The present document studies the security aspects of enablers for network automation for the 5G system based on the outcome of
TR 23.700-91. More specifically, the present document identifies security issues, requirements and corresponding potential security solutions related to the following objectives:
-
UE data collection protection to fulfil the NWDAF functionalities including privacy consideration, data authenticity, data integrity, and accessibility aspects requirements.
-
Detection of cyber-attacks and anomaly events supported by NWDAF and its related functions, specifically to identify parameters provided by UE and NFs, which can help to detect attacks and abnormal behaviours;
-
Protection of data transferring (e.g. privacy consideration) in the inter-NWDAF/NWDAF instances.
The following documents contain provisions which, through reference in this text, constitute provisions of the present document.
-
References are either specific (identified by date of publication, edition number, version number, etc.) or non-specific.
-
For a specific reference, subsequent revisions do not apply.
-
For a non-specific reference, the latest version applies. In the case of a reference to a 3GPP document (including a GSM document), a non-specific reference implicitly refers to the latest version of that document in the same Release as the present document.
[1]
TR 23.700-91: "Study on enablers for network automation for the 5G System (5GS); Phase 2".
[2]
TS 33.867: "Study on user consent for 3GPP services".
[3]
TR 21.905: "Vocabulary for 3GPP Specifications".
[4]
TS 23.288: "Architecture enhancements for 5G System (5GS) to support network data analytics services ".
[5]
TS 23.501: "System Architecture for the 5G System; Stage 2".
[6]
[7]
ETSI GR SAI 001: "AI Threat Ontology"..
[8]
TS 33.501: "Security architecture and procedures for 5G system".
[9]
TR 28.809: "Study on enhancement of management data analytics".
For the purposes of the present document, the terms given in
TR 21.905 and the following apply. A term defined in the present document takes precedence over the definition of the same term, if any, in
TR 21.905.
Void.
For the purposes of the present document, the abbreviations given in
TR 21.905 and the following apply.
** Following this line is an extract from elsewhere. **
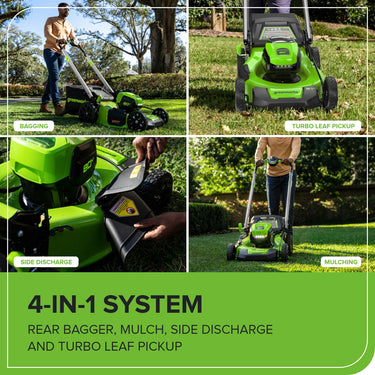 80V 21" Cordless Battery 4-in-1 Push Lawn Mower & 700CFM Blower Combo Kit w/ 5.0Ah Battery & 6A Charger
An abbreviation defined in the present document takes precedence over the definition of the same abbreviation, if any, in
TR 21.905.
AF
Application Function
DDoS
Distributed Denial of Service
DoS
Denial of Service
eNA
enablers for Network Automation
MDAS
Management Data Analytics Service
MitM
Man in the Middle
ML
Machine Learning
NWDAF
Network Data Analytics Function
OAM
Operation, Administration and Maintenance
TS 23.288 provides the Stage 2 architecture enhancements for 5G System (5GS) to support network data analytics services in 5G Core network, which forms the baseline for the present study on security aspects of enablers for Network Automation (eNA) for the 5G system (5GS).
The Network Data Analytics Function (NWDAF) as specified in
TS 23.501 interacts with different entities within 5GS for data collection based on subscription to events, retrieval of information from data repositories, retrieval of information about NFs (e.g. from NRF for NF-related information) and on demand provision of analytics to consumers. The NWDAF provides analytics to 5GC NFs and OAM. Analytics information is either statistical information of the past events or predictive information.
TR 23.700-91 is an architectural study on enhancements for analytics and NWDAF, for which any security impact will be documented in the present document. There is a particular security impact for UE data collection protection, detection of cyber-attacks and anomaly events supported by NWDAF and its related functions, on the protection of data transfer in inter-NWDAF/NWDAF cases.